“No chance—they’re glued!” said Jessie, gloomily, and Lucile looked from one to the other of them despairingly.

“I wish I knew what you were getting at,” she sighed.

“Mademoiselle has been very seek?” the voice was low, caressing, with the slightest suggestion of a foreign accent.

Lucile turned her head and found herself looking into the bright, restless eyes of the mysterious stranger.

For the first moment she was startled and a little confused, but the next instant, recovering herself, she answered, gravely, “Yes, I have been rather under the weather for a couple of days,” and she added, with her bright smile, “The thing that bothers me most is the thought of what I have missed during that time.”

“Mademoiselle is brave,” he smiled back. “Most would think only of their sufferings. However, there are still two good days in which to see everything.”

“Two days?” sighed Lucile. “It seems to me as if it would take two years to see all I’d like to.”

“Ah, but it is Mademoiselle’s first voyage.” There was an undertone of sadness in the low voice that made Lucile steal a quick glance at him. There was something about the man, perhaps in the tired droop of his shoulders, perhaps something in the wistful way he had of looking far out to sea, as if seeking the solution of his problem there; perhaps it was only the pathos in his low, Southern voice.
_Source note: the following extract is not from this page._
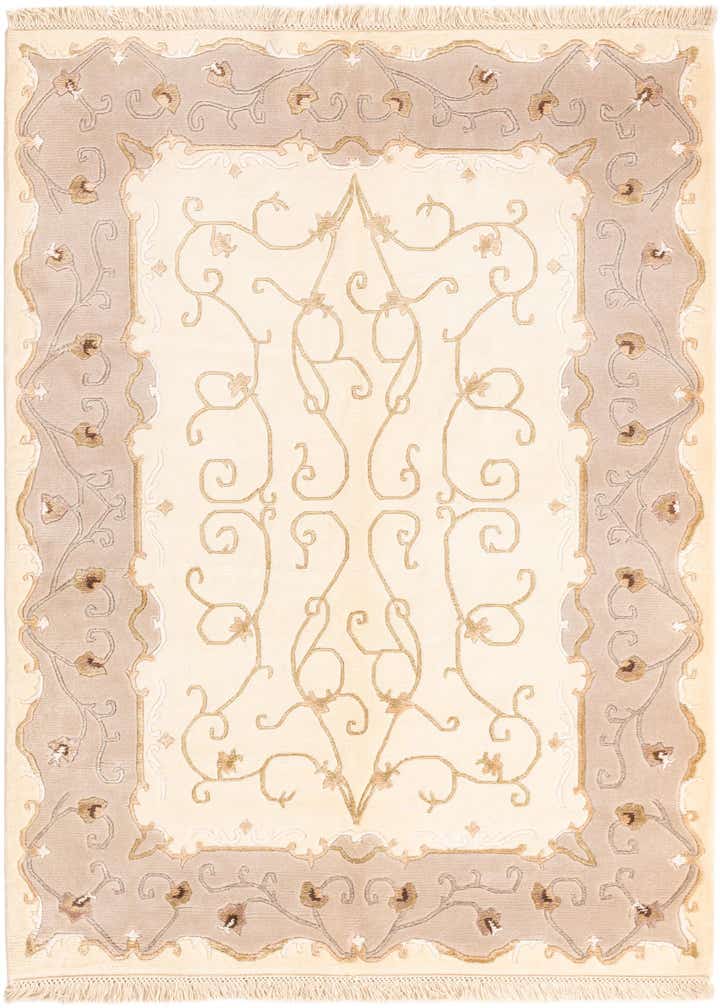 4' 2 x 5' 11 Hand Knotted Darya Rug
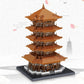 JOMIOD Chinese Architecture Micro Building Blocks Set, 4748 Pieces Yellow Crane Tower, World Famous Architecture Collectible Model Building Kit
Be that as it may, Lucile’s heart went out to him then and there. 84

“When one has been back and forth, back and forth, many times,” he went on, “he is bound to lose that so fresh enthusiasm and long only for the shore where something may be done. At such times the days, they seem to have no end. But I transgress,” he interrupted himself, with a little deprecatory laugh. “Mademoiselle should have reminded me.”

“You speak of having crossed the ocean many times,” said Mr. Payton, who, with his wife, had approached the absorbed little group unknown to them.